◆ EXERCISE DESCRIPTION: Every line of the material must be written out again unchanged.

◆ COLLECTED DATA:
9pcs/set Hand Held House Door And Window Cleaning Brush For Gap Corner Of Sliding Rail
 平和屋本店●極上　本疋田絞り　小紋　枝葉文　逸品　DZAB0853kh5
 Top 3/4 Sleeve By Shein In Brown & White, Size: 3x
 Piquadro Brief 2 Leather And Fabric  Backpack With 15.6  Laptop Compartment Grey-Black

◆ TASK ANSWER:
9pcs/set Hand Held House Door And Window Cleaning Brush For Gap Corner Of Sliding Rail
 平和屋本店●極上　本疋田絞り　小紋　枝葉文　逸品　DZAB0853kh5
 Top 3/4 Sleeve By Shein In Brown & White, Size: 3x
 Piquadro Brief 2 Leather And Fabric  Backpack With 15.6  Laptop Compartment Grey-Black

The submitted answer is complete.